GIVEN RECORDS:

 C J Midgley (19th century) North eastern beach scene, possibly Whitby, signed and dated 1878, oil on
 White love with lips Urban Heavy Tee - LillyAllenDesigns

...

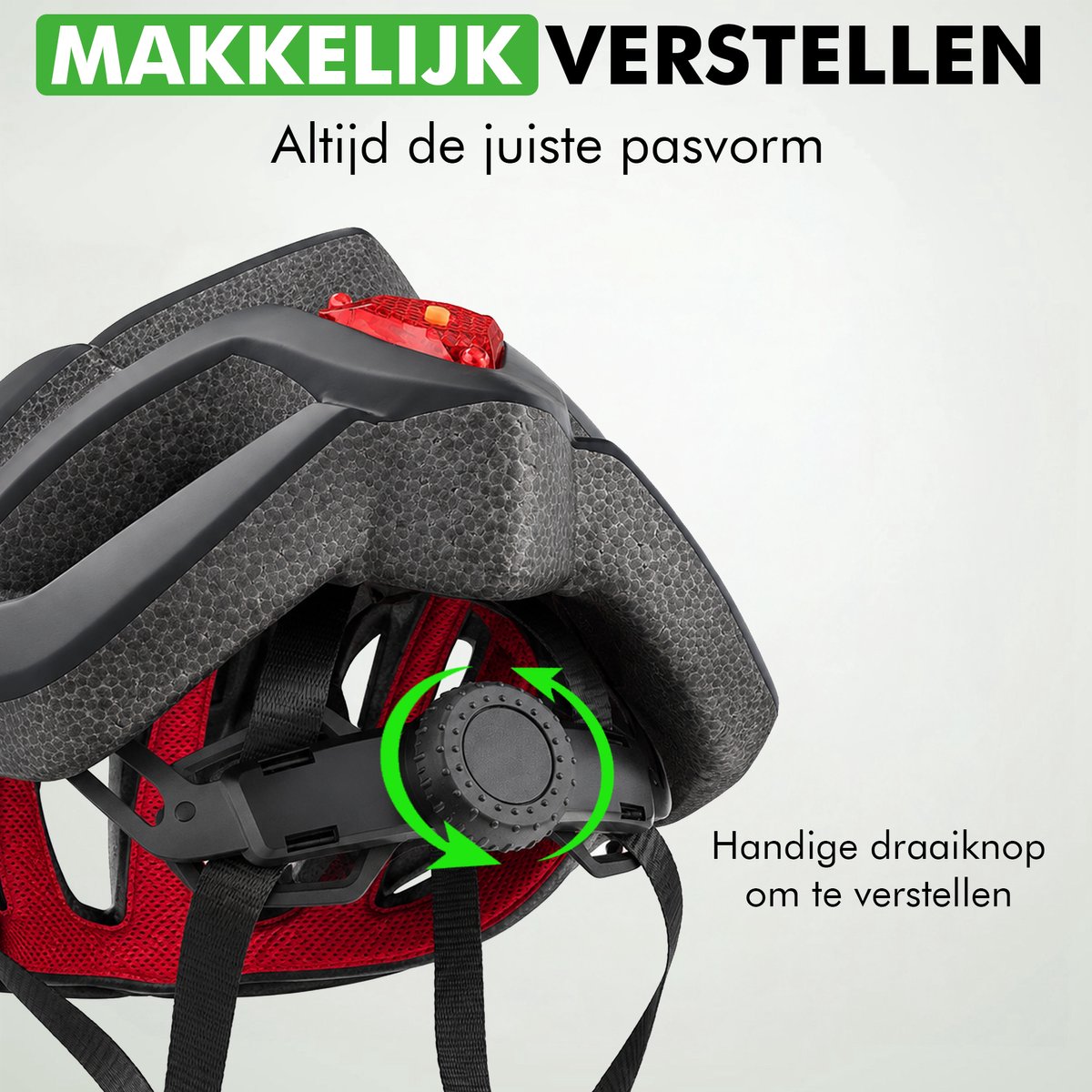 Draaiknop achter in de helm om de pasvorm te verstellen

...

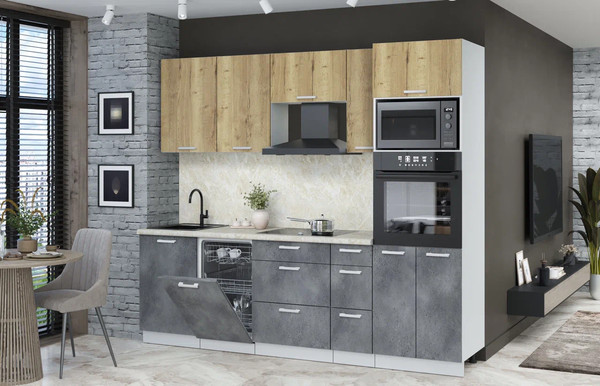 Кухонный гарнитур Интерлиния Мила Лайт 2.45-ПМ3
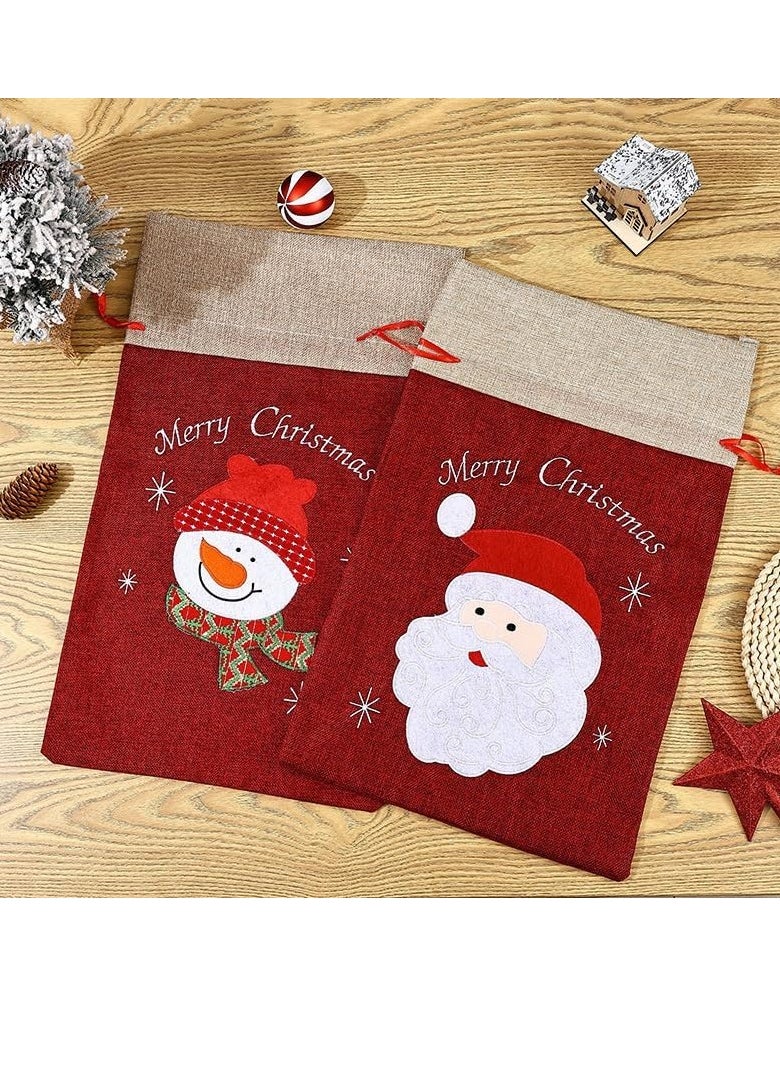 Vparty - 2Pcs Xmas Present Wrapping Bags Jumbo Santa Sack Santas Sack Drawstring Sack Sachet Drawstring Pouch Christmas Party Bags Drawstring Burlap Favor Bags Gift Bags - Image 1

YOUR ASSIGNMENT: When you reach the line holding "C J Midgley" in the records above, begin reproducing exactly, stop after the line holding "White love with", and output nothing else.

YOUR SOLUTION:
 C J Midgley (19th century) North eastern beach scene, possibly Whitby, signed and dated 1878, oil on
 White love with lips Urban Heavy Tee - LillyAllenDesigns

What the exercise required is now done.